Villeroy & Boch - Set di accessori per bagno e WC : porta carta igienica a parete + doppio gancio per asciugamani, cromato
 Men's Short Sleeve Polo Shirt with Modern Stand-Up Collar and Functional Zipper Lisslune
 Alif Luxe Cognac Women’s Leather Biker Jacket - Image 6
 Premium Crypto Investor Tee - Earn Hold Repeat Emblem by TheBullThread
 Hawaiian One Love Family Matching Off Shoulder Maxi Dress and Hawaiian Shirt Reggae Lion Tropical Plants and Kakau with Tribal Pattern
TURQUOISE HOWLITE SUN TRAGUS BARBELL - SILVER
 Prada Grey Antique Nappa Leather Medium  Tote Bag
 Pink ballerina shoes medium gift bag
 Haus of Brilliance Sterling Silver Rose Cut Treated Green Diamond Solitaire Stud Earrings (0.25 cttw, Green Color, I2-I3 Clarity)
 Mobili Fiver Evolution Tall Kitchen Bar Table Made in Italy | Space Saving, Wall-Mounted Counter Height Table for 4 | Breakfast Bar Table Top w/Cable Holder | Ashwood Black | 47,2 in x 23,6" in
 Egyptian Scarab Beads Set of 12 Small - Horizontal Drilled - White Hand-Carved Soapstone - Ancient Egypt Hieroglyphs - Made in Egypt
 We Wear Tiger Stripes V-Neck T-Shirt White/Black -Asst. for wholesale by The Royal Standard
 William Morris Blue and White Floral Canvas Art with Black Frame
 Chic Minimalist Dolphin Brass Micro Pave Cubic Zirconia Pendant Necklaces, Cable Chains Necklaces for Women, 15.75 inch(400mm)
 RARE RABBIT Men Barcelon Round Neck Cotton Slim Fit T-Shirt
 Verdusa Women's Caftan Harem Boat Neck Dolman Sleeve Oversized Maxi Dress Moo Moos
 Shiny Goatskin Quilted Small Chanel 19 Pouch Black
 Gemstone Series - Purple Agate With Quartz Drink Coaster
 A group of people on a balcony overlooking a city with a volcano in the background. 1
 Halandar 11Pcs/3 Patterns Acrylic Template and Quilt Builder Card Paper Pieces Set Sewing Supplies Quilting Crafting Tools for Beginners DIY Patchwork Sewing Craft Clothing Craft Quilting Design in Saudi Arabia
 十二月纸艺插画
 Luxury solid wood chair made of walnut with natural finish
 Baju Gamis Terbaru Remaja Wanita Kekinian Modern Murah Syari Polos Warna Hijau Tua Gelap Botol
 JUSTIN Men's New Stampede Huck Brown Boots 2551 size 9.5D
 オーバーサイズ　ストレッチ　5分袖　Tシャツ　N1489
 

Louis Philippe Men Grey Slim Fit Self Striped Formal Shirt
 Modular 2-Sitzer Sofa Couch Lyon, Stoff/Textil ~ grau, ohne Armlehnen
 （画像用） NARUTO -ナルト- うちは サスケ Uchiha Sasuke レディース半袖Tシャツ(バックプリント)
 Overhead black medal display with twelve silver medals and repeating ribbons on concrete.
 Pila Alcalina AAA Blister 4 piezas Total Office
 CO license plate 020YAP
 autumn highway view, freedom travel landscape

What to produce
The answer should consist solely of the lines from the first line above through the one with "Men's Short Sleeve", both included, repeated exactly.

Response area
Villeroy & Boch - Set di accessori per bagno e WC : porta carta igienica a parete + doppio gancio per asciugamani, cromato
 Men's Short Sleeve Polo Shirt with Modern Stand-Up Collar and Functional Zipper Lisslune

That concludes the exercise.